Problem requirements
Take the listing below and print exactly the lines starting at the line containing "片瀬海岸戸建 C棟のトイレ" and ending at the line containing "Foto del edificio", both ends included, and no others.

Material for the task
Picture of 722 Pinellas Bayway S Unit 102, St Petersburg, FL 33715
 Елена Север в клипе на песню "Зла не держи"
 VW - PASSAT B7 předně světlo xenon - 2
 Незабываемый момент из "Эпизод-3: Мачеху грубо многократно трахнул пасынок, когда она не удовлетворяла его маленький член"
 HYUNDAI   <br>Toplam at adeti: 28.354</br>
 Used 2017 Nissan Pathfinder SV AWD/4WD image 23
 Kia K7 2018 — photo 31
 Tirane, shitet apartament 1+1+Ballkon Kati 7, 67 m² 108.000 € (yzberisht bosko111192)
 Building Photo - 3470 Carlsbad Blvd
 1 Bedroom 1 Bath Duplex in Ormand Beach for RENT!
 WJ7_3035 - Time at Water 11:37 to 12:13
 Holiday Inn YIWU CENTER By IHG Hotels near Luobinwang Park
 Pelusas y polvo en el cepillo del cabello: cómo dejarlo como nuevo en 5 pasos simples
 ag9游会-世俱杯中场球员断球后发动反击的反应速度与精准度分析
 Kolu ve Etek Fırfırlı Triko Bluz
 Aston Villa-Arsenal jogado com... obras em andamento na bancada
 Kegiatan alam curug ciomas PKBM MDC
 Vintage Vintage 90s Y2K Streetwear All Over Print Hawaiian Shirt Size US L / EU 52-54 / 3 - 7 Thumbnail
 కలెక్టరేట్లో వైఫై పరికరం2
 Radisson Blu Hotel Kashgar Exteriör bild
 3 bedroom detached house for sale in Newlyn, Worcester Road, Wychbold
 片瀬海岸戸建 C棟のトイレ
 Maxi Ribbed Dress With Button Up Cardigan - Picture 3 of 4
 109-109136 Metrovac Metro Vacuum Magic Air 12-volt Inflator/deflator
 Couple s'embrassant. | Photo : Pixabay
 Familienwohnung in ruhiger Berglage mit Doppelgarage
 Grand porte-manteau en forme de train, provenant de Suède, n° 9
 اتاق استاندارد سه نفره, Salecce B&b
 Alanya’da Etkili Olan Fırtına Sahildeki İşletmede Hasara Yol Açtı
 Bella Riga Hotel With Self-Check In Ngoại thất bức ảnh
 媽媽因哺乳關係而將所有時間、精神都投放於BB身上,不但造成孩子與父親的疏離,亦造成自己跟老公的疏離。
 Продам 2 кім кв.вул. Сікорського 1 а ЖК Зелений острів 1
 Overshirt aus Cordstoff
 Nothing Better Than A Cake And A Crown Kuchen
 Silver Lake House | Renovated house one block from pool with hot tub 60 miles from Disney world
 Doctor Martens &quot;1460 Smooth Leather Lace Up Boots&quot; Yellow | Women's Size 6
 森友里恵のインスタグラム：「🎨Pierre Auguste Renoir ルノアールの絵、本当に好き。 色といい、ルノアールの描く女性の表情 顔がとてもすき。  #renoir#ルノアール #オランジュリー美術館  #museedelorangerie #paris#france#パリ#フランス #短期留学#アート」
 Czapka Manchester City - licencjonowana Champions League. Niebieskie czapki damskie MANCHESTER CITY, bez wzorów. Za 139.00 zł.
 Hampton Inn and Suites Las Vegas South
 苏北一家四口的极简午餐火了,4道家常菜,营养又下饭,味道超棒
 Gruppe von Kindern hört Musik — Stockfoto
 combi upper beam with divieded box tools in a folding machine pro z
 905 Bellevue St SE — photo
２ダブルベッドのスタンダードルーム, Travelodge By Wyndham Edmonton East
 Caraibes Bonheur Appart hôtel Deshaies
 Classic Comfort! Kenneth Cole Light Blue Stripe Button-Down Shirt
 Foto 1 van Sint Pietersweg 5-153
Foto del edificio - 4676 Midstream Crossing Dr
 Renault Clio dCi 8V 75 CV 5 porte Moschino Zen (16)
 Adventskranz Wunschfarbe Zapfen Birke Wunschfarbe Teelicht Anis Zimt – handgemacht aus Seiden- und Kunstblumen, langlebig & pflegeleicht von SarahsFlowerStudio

Response to this task
 片瀬海岸戸建 C棟のトイレ
 Maxi Ribbed Dress With Button Up Cardigan - Picture 3 of 4
 109-109136 Metrovac Metro Vacuum Magic Air 12-volt Inflator/deflator
 Couple s'embrassant. | Photo : Pixabay
 Familienwohnung in ruhiger Berglage mit Doppelgarage
 Grand porte-manteau en forme de train, provenant de Suède, n° 9
 اتاق استاندارد سه نفره, Salecce B&b
 Alanya’da Etkili Olan Fırtına Sahildeki İşletmede Hasara Yol Açtı
 Bella Riga Hotel With Self-Check In Ngoại thất bức ảnh
 媽媽因哺乳關係而將所有時間、精神都投放於BB身上,不但造成孩子與父親的疏離,亦造成自己跟老公的疏離。
 Продам 2 кім кв.вул. Сікорського 1 а ЖК Зелений острів 1
 Overshirt aus Cordstoff
 Nothing Better Than A Cake And A Crown Kuchen
 Silver Lake House | Renovated house one block from pool with hot tub 60 miles from Disney world
 Doctor Martens &quot;1460 Smooth Leather Lace Up Boots&quot; Yellow | Women's Size 6
 森友里恵のインスタグラム：「🎨Pierre Auguste Renoir ルノアールの絵、本当に好き。 色といい、ルノアールの描く女性の表情 顔がとてもすき。  #renoir#ルノアール #オランジュリー美術館  #museedelorangerie #paris#france#パリ#フランス #短期留学#アート」
 Czapka Manchester City - licencjonowana Champions League. Niebieskie czapki damskie MANCHESTER CITY, bez wzorów. Za 139.00 zł.
 Hampton Inn and Suites Las Vegas South
 苏北一家四口的极简午餐火了,4道家常菜,营养又下饭,味道超棒
 Gruppe von Kindern hört Musik — Stockfoto
 combi upper beam with divieded box tools in a folding machine pro z
 905 Bellevue St SE — photo
２ダブルベッドのスタンダードルーム, Travelodge By Wyndham Edmonton East
 Caraibes Bonheur Appart hôtel Deshaies
 Classic Comfort! Kenneth Cole Light Blue Stripe Button-Down Shirt
 Foto 1 van Sint Pietersweg 5-153
Foto del edificio - 4676 Midstream Crossing Dr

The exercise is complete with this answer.